The trend of falling U.S. oil imports and rising Chinese oil demand is moving China closer to passing the United States as the largest global net oil importer. Net oil imports for the United States and China were on par at 6 million barrels per day in December 2012, according to the most recent trade data from EIA and China's General Administration of Customs. "
Gasoline Prices: "U.S. average gasoline prices have declined over the past two weeks, with the price at $3.71 on March 11. Previously, U.S. average gasoline prices had risen from an annual low of $3.25 per gallon on December 17, 2012, to $3.78 per gallon on February 25, 2013, which was the highest pump price ever during the month of February." "Also, EIA expects the switchover from winter to more costly summer-grade gasoline will keep average gasoline prices near current levels through the spring before falling crude prices help reduce U.S. gasoline prices to an average $3.50 per gallon in the second half of this year and then to $3.38 during 2014."
Natural Gas: "U.S. natural gas production should level off from the growth seen in recent years, and natural gas consumption is expected to remain around 70 billion cubic feet per day for 2013 and 2014.”"As the winter heating season comes to an end, EIA expects natural gas inventories at the close of March will total just under 2 trillion cubic feet. That is less than the unusually high 2.5 trillion cubic feet seen last year, but still more than the five-year average of 1.7 trillion cubic feet.” “EIA expects the Henry Hub natural gas price will gradually rise through the end of 2014 but remain below an average $4 per million Btu throughout the next two years.”

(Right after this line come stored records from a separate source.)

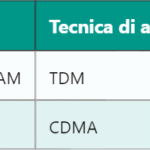 eNodeB: Nodo Chiave nella Rete LTE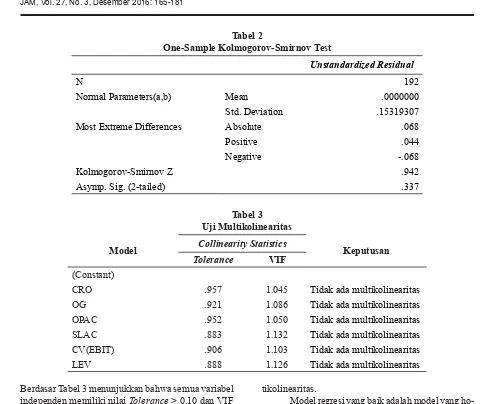 Tabel 2One-Sample Kolmogorov-Smirnov Test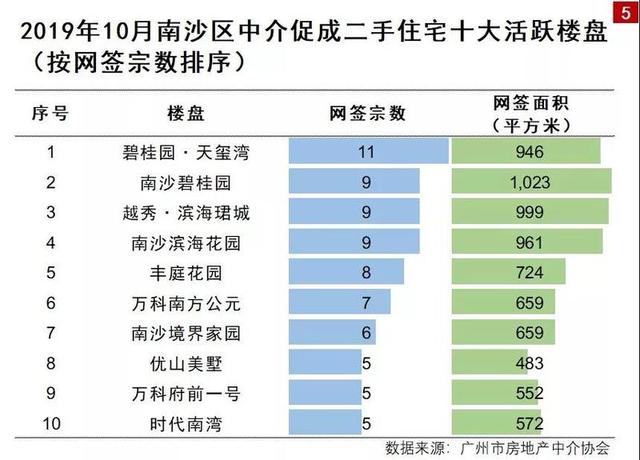 十大房产中介公司排名_武汉房产中介公司排名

Electricity: "During 2012 the amount of power generation in the United States fueled by coal declined by 13%. Some of this reduction was due to the retirement of coal-fired generating capacity. " "The electric power industry retired 7.9 gigawatts of coal-fired generating capacity last year, which represents 2.5% of the installed coal capacity at the beginning of 2012. In comparison, power suppliers retired 2.6 gigawatts of coal capacity during 2011 and on average 1 gigawatt annually between 2006 and 2010. The coal‐fired capacity retired during 2012 was offset somewhat by the addition of five new coal‐fired generating units with a combined capacity of 3.6 gigawatts.” " Although more retirements are likely this year, EIA expects power generators to increase their use of existing coal capacity in response to higher natural gas prices relative to coal prices, leading to a 6.2% increase in coal generation during 2013.”